How do you all interpret this?

Some of my thoughts and questions are:

  1. The healing in Rivendell, both physical, and also spiritual in the Hall of Fire, has been very powerful.
  2. Was it just ‘his dangerous flight’ that seems like a dream? Or is it most of his whole life up until now?
  3. To what extent has Frodo been almost ‘re-born’ after his near-wraithification?
  4. In this moment, just before the Council, the past is a dream. Frodo is not thinking about the unplanned future. He is hearing ‘the noise of bubbling waters’, the singing of the birds. He is feeling that, ‘a wholesome peace lay on the land’. Why this image of Frodo at peace in the now in Rivendell?
  5. This emphasizes, Frodo’s feeling just before he says, “I will take the Ring (to Mordor)”, when “An overwhelming longing to rest and remain at peace by Bilbo’s side in Rivendell filled all his heart”. It is interesting that his longing is to remain in Rivendell, rather than say return to the Shire. Does this illustrate how sacrificial the decision to bear the Ring onward was?
  6. To what extent was it even a decision? Frodo felt, “as if he was awaiting the pronouncement of some doom that he had long foreseen and vainly hoped might after all never be spoken”. He also, “wondered to hear his own words, as if some other will was using his small voice”. When was this doom created? During the Song of the Ainur? When did Frodo first become dimly aware of this doom at some level?

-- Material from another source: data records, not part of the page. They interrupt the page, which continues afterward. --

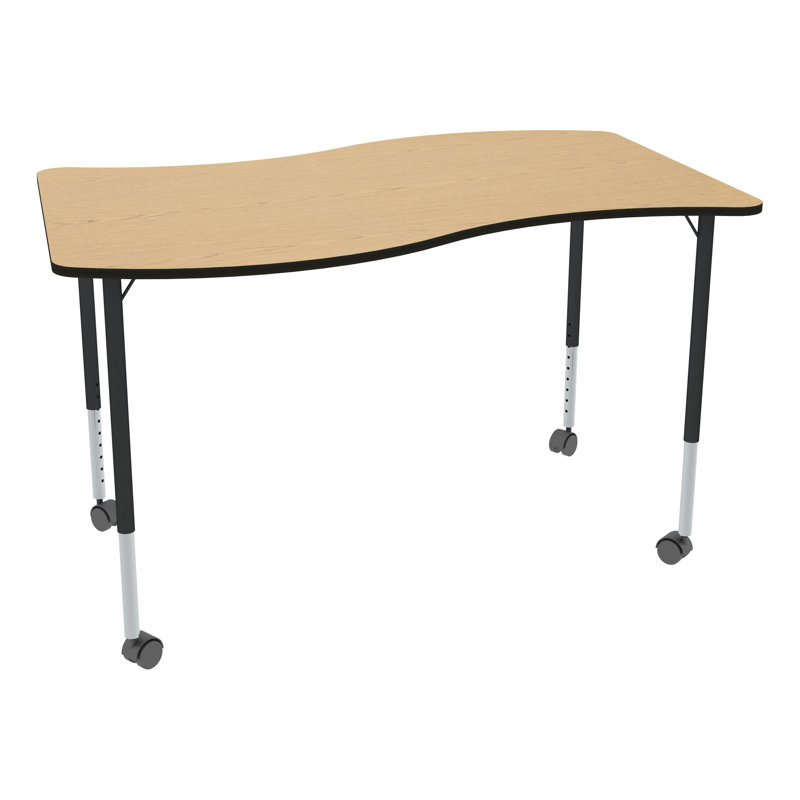 Table d'activité à hauteur ajustable avec roulettes Structure Series Wave, L 48 po x l 30 po, gris, Noir / Noir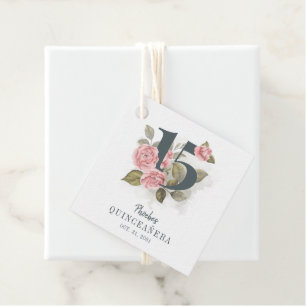Quinceanera Rustic Floral 15th Birthday Favor Tags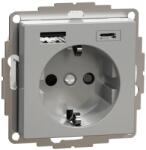Schneider Electric MTN2367-0460 MERTEN 2P+F aljzat, GYV, kettős USB töltővel, rugós bekötés, 16A / 3A, A+C, alumínium (MTN2367-0460)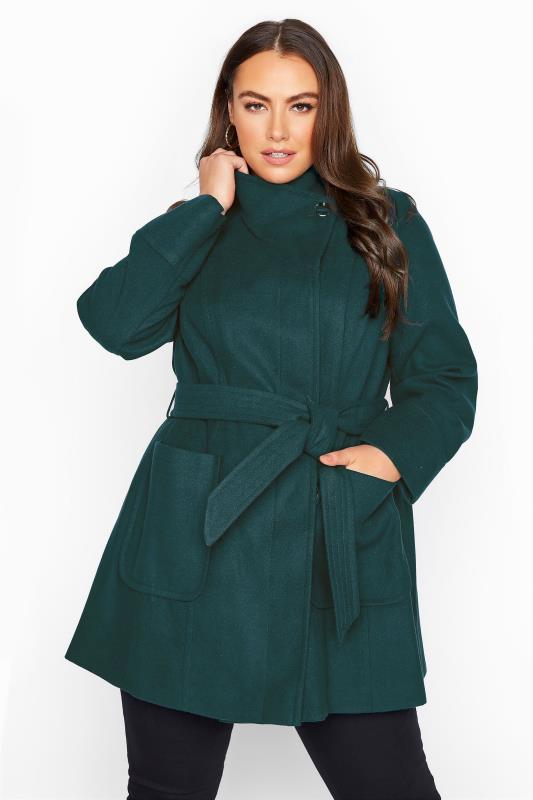 Plus Size  Teal Blue Belted Coat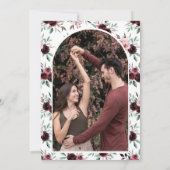 Dusty Pink Burgundy Floral Wedding セーブザデート (裏面)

When hearing ‘Earendil the Mariner’?
  7. Is Frodo’s longing to rest and remain at peace by Bilbo’s side in Rivendell a foreshadowing of his eventual fate, to rest and remain at peace by Bilbo’s side (though not in Rivendell)?
I think that the passage near the start of the chapter, where Frodo is at peace in Rivendell, and the past, future, and the rest of the world seem like a dream, and the passage near the end of the chapter, where Frodo longs to remain at peace in Rivendell, but finds himself saying that he will take the Ring to the Fire, are linked, and make one of the critical hinges of the story.

How do all of you read this?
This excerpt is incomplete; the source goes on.